Prediction markets like to speak the language of finance: probabilities, event contracts, price discovery and collective intelligence. The promise is to turn uncertainty into a tradable signal.
For Brazil, still dealing with the hangover from the online-betting boom, that narrative should sound less like innovation and more like a warning.
Kalshi has already tested the waters with Brazilian investors through a partnership with XP International. The pitch is to allow investors to trade economic, political and financial events as a new asset class. In well-regulated markets, there is merit to that idea. A contract on inflation, interest rates or elections can produce useful information.
But the line between a market and a wager is thin. A Wall Street Journal investigation into Polymarket showed the less flattering side of the business: creators allegedly paid to simulate trades, fake wins and videos designed to go viral, often without adequate transparency around sponsorship. A product sold as collective intelligence appeared on social media as a TikTok-native casino.
Brazil knows this script. Online betting arrived with the language of entertainment, technology and formalization. Within a few years, it had taken over football, advertising, influencers and payment rails. Only later came the concerns over household debt, addiction, money laundering and illegal operators.
Prediction markets will argue they are different. Sometimes they are.
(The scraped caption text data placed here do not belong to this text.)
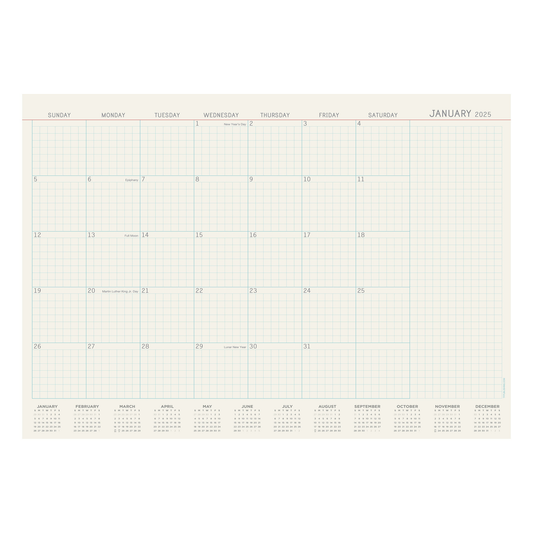 2025 Vintage Professional Medium Desk Pad Monthly Blotter Calendar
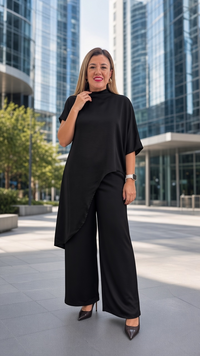 Conjunto Negro de Blusón Largo Asimétrico con Pantalón de Cintura Elástico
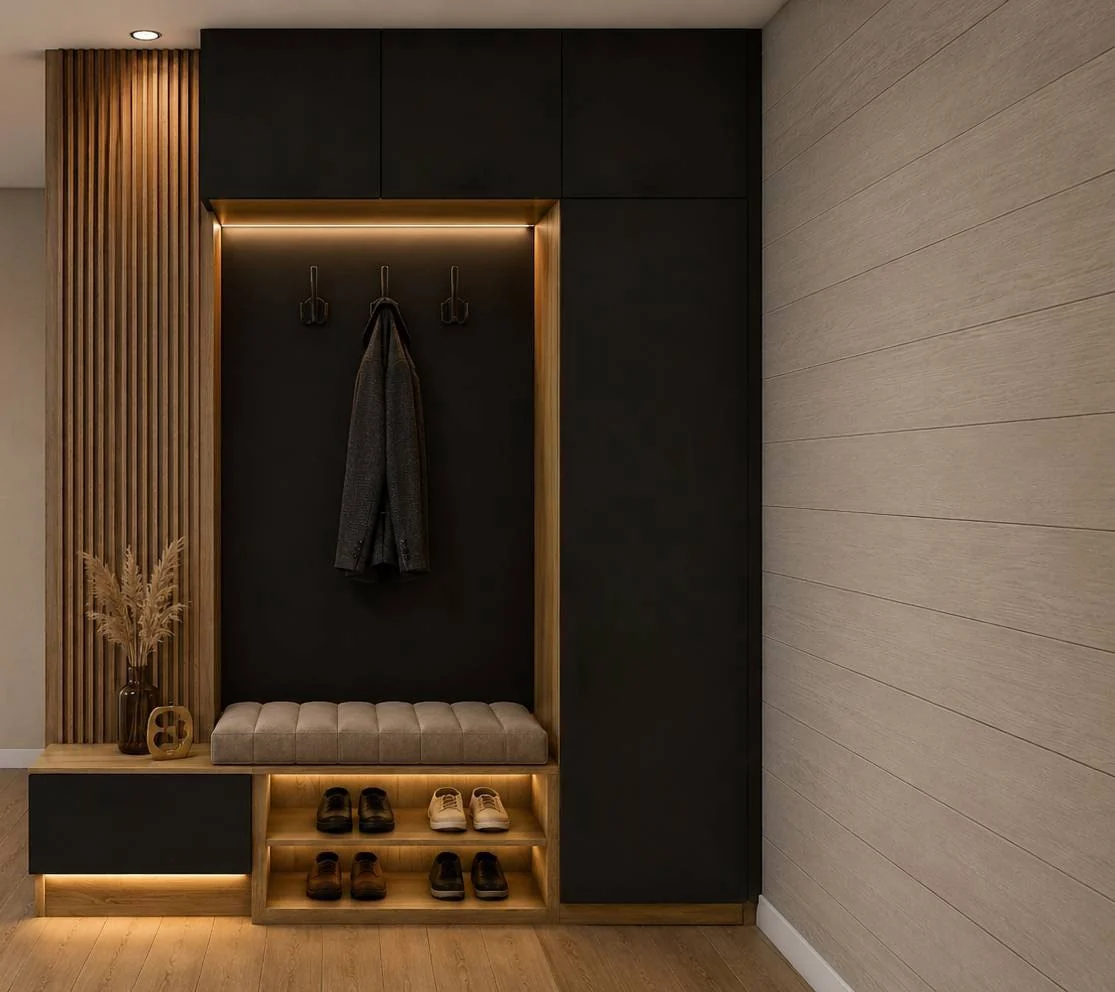Entryway & shoe storage — 3D design visualization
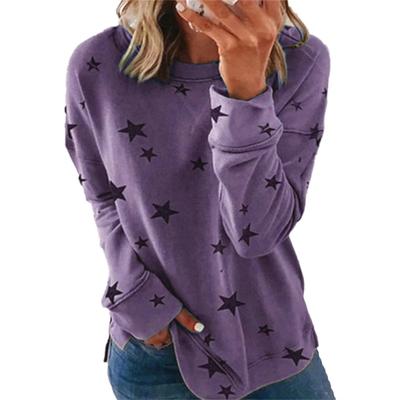 Otoño Invierno, Tops estampados de 5 estrellas para mujer, ropa para mujer, camiseta holgada de manga larga con cuello redondo de talla grande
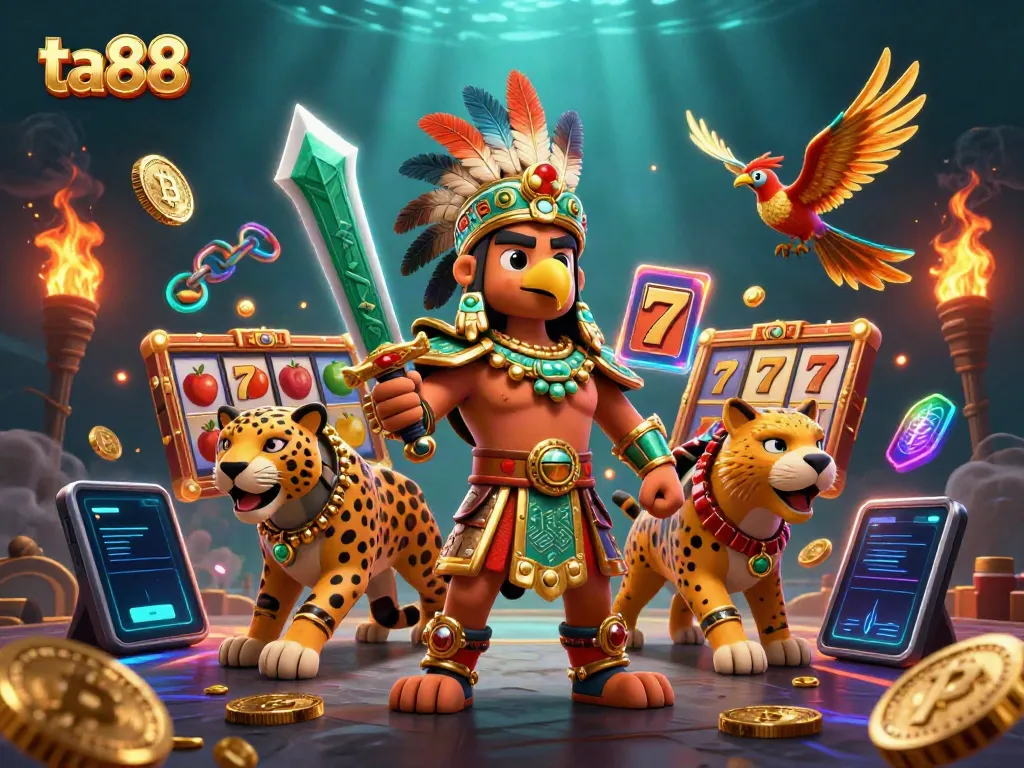 Experience thrilling gameplay at ta88 with vibrant Aztec warriors and glowing cryptocurrency.
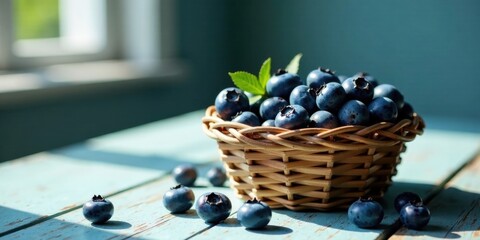 Sunlit Basket of Freshly Picked Blueberries on a Rustic Table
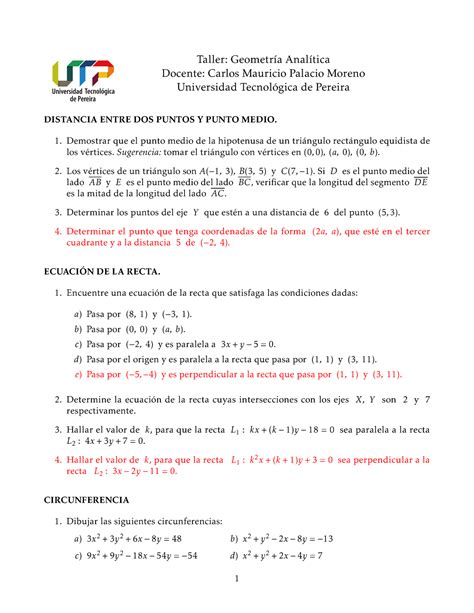 Matem Ticas Utp Ejercicios Mate B Taller Geometr A Anal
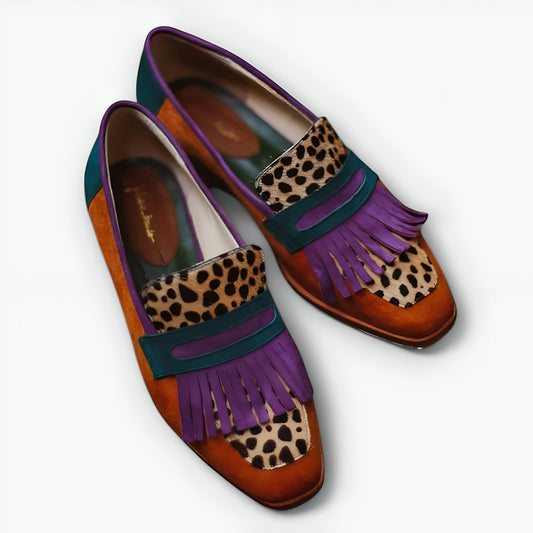 Amaya™ | Mocassins bruns avec imprimé léopard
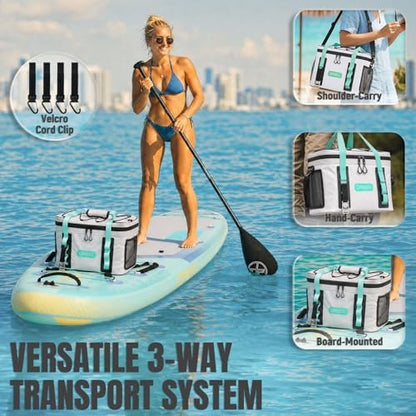 UPWELL Paddle Board Accessories, Waterproof SUP Cooler Bag with TPU Zipper, PVC Dry Bag, 42 Cans Surf Kayak Cooler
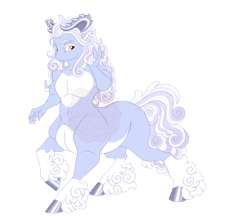 Size: 4700x4200 | Tagged: safe, artist:gigason, oc, oc only, oc:jupiter, centaur, hybrid, pony, taur, g4, absurd resolution, adoptable, centaur oc, claws, coat markings, colored belly, colored eyebrows, colored eyelashes, colored hooves, colored horns, colored pinnae, curly hair, curly tail, curved horns, frown, gray fur, gray hooves, hooves, hybrid oc, interspecies offspring, leg markings, long hair, long hair male, long tail, looking back, male, male oc, offspring, pale belly, parent:amber laurel, parent:lord tirek, raised arm, raised hoof, shiny hooves, shiny horns, silver fur, simple background, socks (coat markings), solo, spiked horns, standing on three hooves, tail, three quarter view, transparent background, two toned hair, two toned tail, unshorn fetlocks, white belly, white eyelashes, yellow eyes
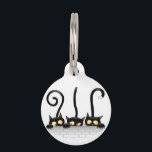 Cats Naughty, Playful and Funny Characters Pet ID Tag<br><div class="desc">Three cute and playful Black Kitties,  naughty and fun,  looking like waiting someone passing by,  just to scare him! Original Vector Graphic Art Copyright © BluedarkArt TheChameleonArt.</div>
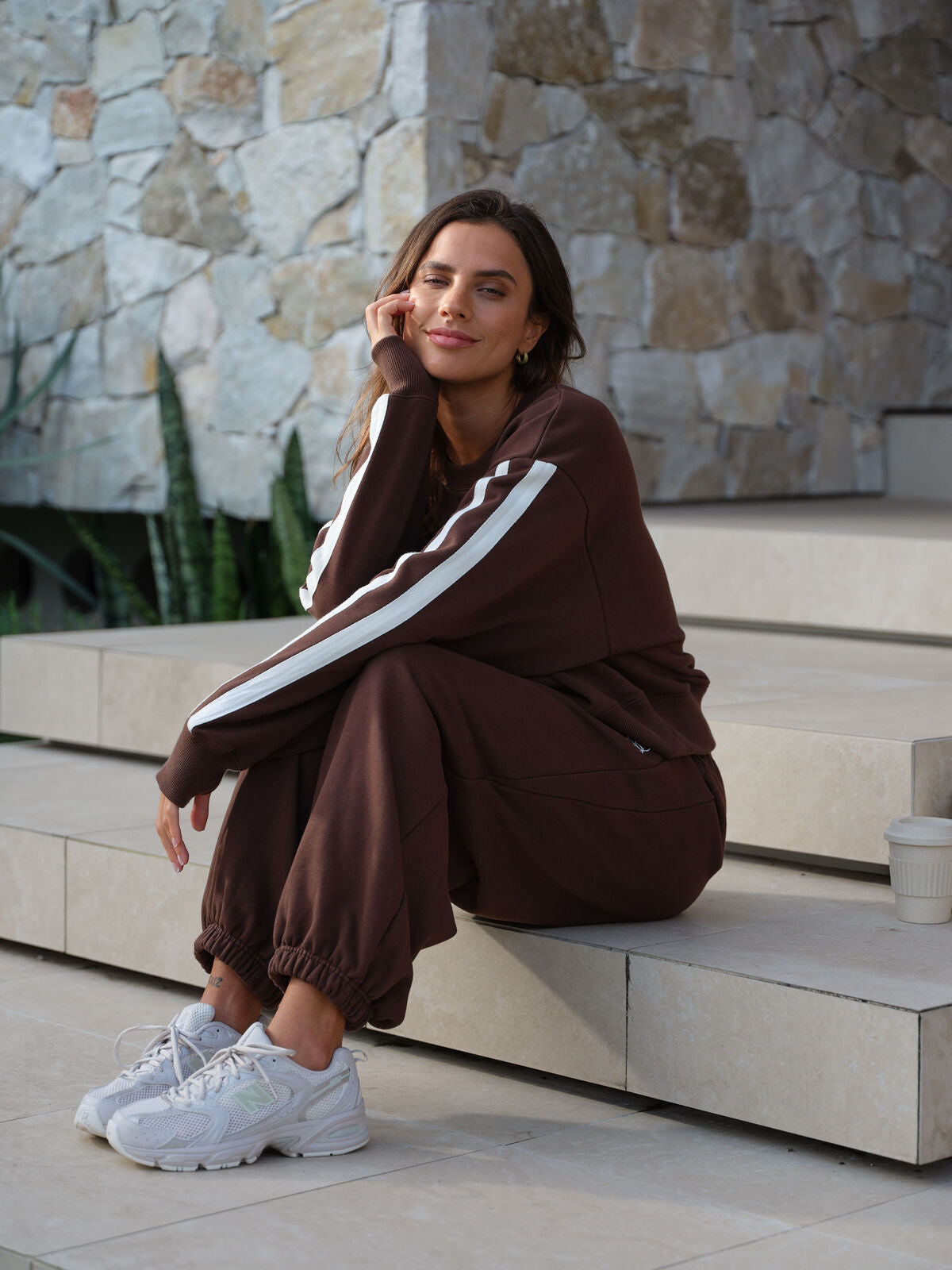 Ceres Bowie Barrel Leg Trackpant - chocolate
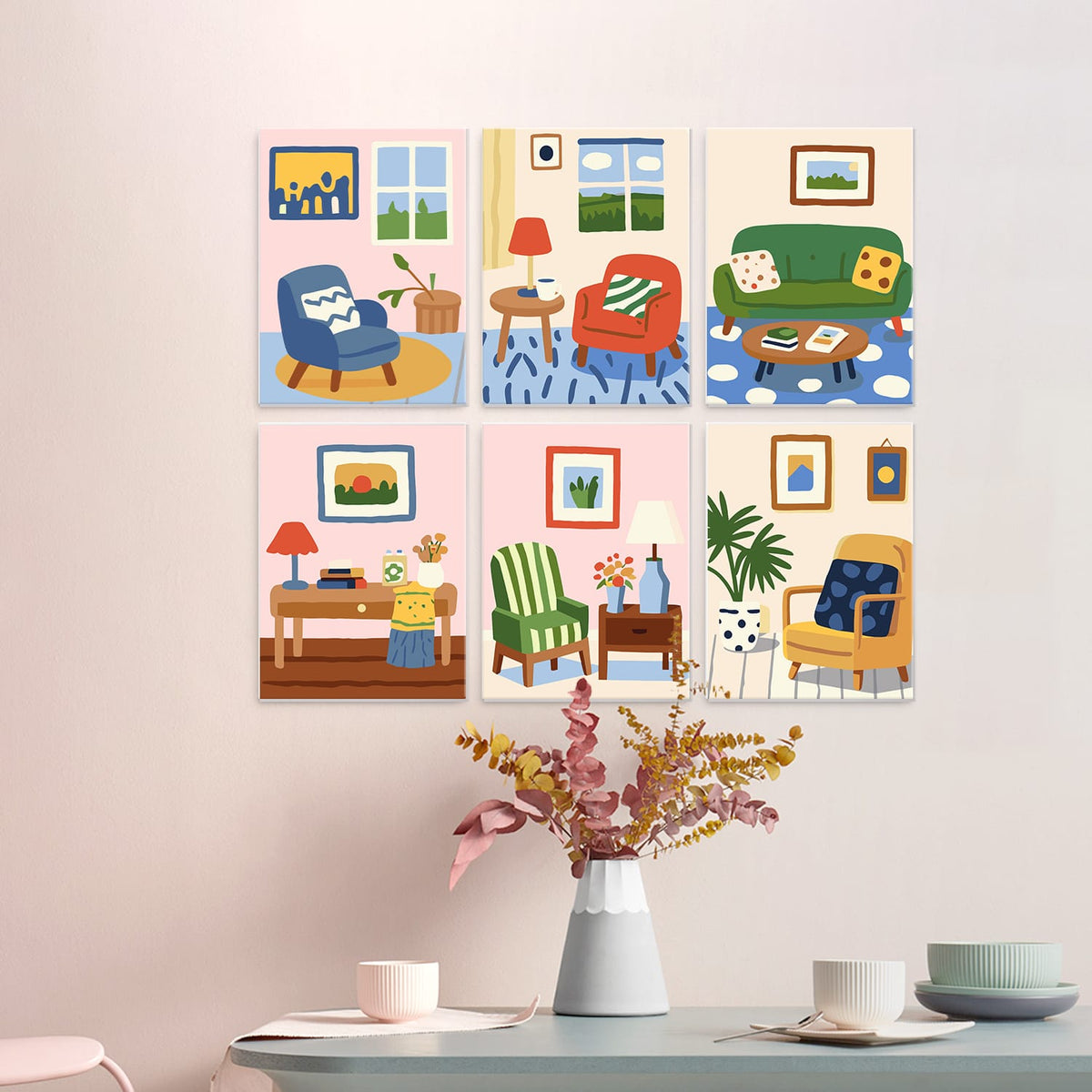 Mini Paint by Numbers Kit - Cozy Corners ｜6 Canvas Panels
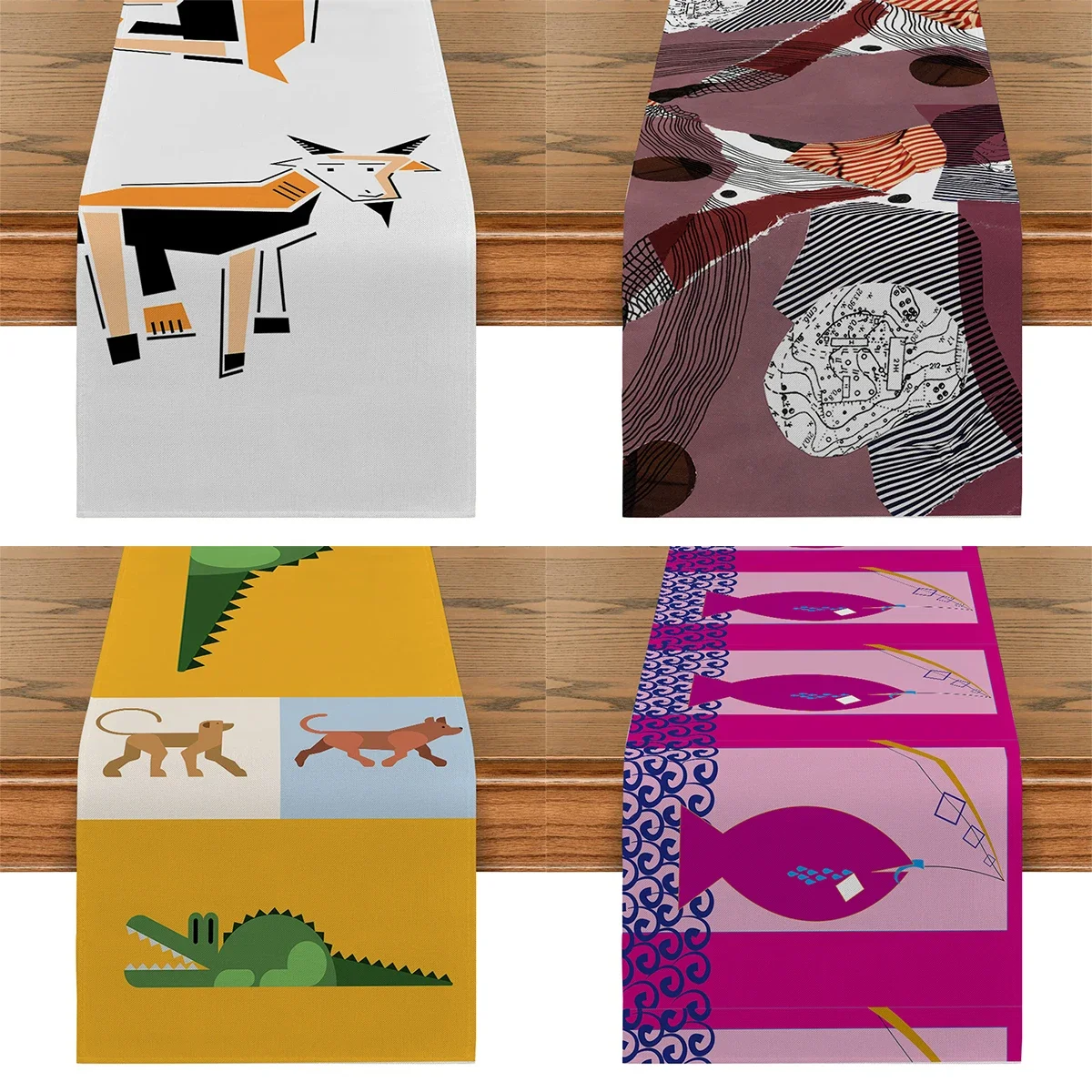 Abstract Geometric Animal Table Flag Cartoon Alligator Table Runner Family Kitchen Living Room Holiday Party Tables Decoration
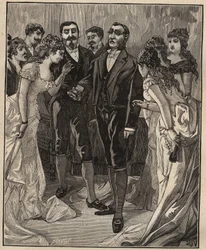 Słynne diamenty: Bankier Vanlerberghe ukazujący fałszywego regenta na początku XIX wieku. Grawer z 1885 roku w „Les arts et metiers illustres” Adolphe BITARD.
A financial contract traded by qualified investors can be regulated as a derivative. But a wager on an election, reality show, celebrity or sporting event, pushed to retail users by influencers and promises of easy money, is just a bet by another name.
That distinction should guide Brazilian regulators. If it looks like a financial product, it should come with suitability rules, supervision, conduct standards and controls against manipulation. If it behaves like gambling, it should follow gambling rules. And if it relies on simulated gains or disguised advertising, it should be treated as a red flag.
The mistake with online betting was allowing the market to grow before the rules were in place. Once football clubs, fintechs, creators and consumers had already been captured, regulation became cleanup. Brazil does not need to repeat the experiment.
Prediction markets can have value. But not when they arrive wrapped in dopamine, virality and the promise of easy money. If they want to be information markets, they should accept the discipline of financial markets. If they sell the thrill of a casino, Brazil should treat them as a risk — not as a novelty.